ST. GEORGE – Serious issues facing Southern Utah such as white collar crime, suicide and human trafficking were among topics addressed by Utah Attorney General Sean Reyes at a town hall meeting Friday evening at the Delores Doré Eccles Fine Arts Center in St. George.
“I believe that Southern Utah is a very safe place, a very desirable (place) to raise a family, to have a business,” Reyes said in a related interview with St. George News. “If we can work on some of these areas that I’ve mentioned – that white-collar fraud and Ponzi scams, investment fraud, if we can unmask and deal with some of the human trafficking – some of these things that hide in plain sight, I think Southern Utah will be an even better place to live.”
Watch video top of this report
White-collar fraud and crime is a big problem in Utah and affects Southern Utah even more, Reyes said, because of the high number of seniors.
Fraud, Ponzi schemes and bad investment deals rob Utahns of hundreds of millions of dollars every year and can be just as devastating as violent crimes.
“When you think about somebody who loses their entire life savings in one deal and then doesn’t have the resources to take care of him or herself or their spouse or enjoy a quality of life that they have saved up 20, 30, 50 years for,” Reyes said, “it’s devastating.”
Utah is proportionally the epicenter of white-collar crime …, Reyes said, because the people are inclined to trust each other. He recommends that residents “trust, but verify.”
Earlier this year Utah became the first state to create a white-collar crime offender registry where people can find out if someone has one or more white-collar convictions.
St. George has one of the highest rates of internet crimes in terms of people being duped, Reyes said. One example is a scam that allows personal information to be stolen.
“What will happen is the average person on their computer will see some pop-up saying your computer has been invaded, it’s been infected, it now has all of these viruses and malware,” Reyes said. “‘If you just press this link, we can help you for free ….'”
The scam continues as the potential victim chats online with a seemingly nice, friendly person and eventually gives them permission to take control of their computer in order to “fix” it.
“People, very trusting, turn over their computer and in a matter of minutes they’ve downloaded every private file and document from that person – passwords, social security numbers, everything that they can use to take your identity and use it,” Reyes said.
“The rate of teen suicide is through the roof,” Reyes said.
In Utah, for ages 10-21, teen suicide is the highest cause of death, more than the next three causes of death combined, including car accidents and illnesses, Reyes said.

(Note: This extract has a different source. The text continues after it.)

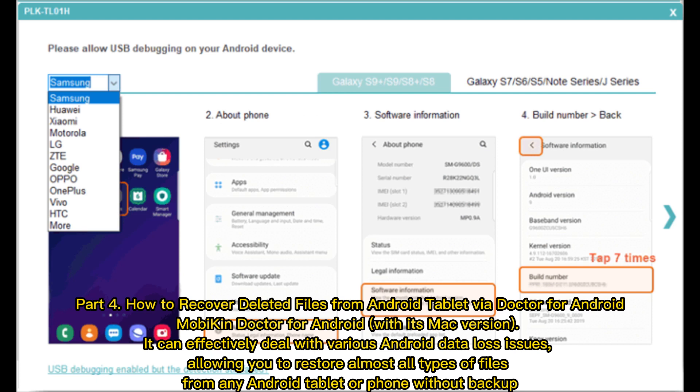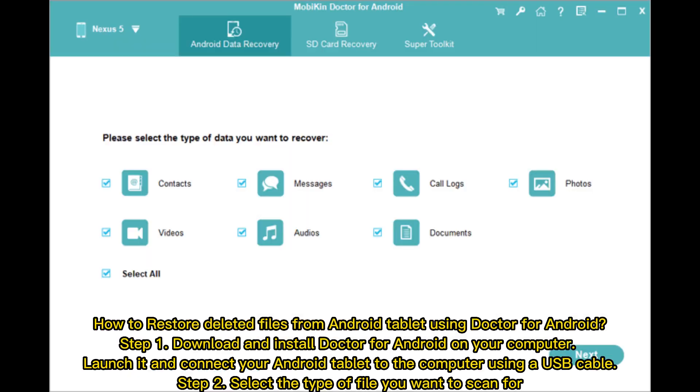Part 4. How to recover deleted files from Android tablet via Doctor for Android. MobiKin Doctor for Android, with its Mac version, can effectively deal with various Android data loss issues, allowing you to restore almost all types of files from any Android tablet or phone without backup.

And southwestern Utah has one of the highest suicide rates in the state.
“You might not think that the AG’s office could play a role in that,” Reyes said, “(but) we do. We represent all the state agencies, so the Legislature has put us in charge of trying to do something about this.”

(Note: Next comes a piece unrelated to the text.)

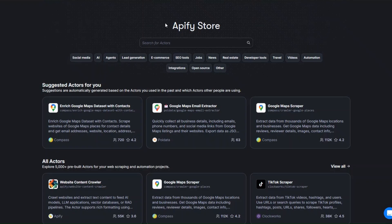To scrape Twitter followers I'm going to use this tool called Apify. It's an incredible tool that you can use to scrape any website and automate projects. To get 30% off your first purchase, just click the link down below in the description and create an account on Apify.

The AG’s office helped launch a new suicide prevention tool for teens – the SafeUT Crisis & Safety Tipline app which gives access to help for teens in crisis by phone or by text. Reyes said young people are much more likely to text than to call.
“Nobody calls anymore, they text,” Reyes said.
The app provides confidential and anonymous two-way communication with SafeUT crisis counselors or school staff via one-touch options to “Call CrisisLine,” “Chat CrisisLine,” or “Submit a Tip.”
Teens can reach out for help if they are suicidal, depressed, cutting themselves, have an eating disorder, are experiencing cyberbullying or cybercrimes; help is also available for school safety issues.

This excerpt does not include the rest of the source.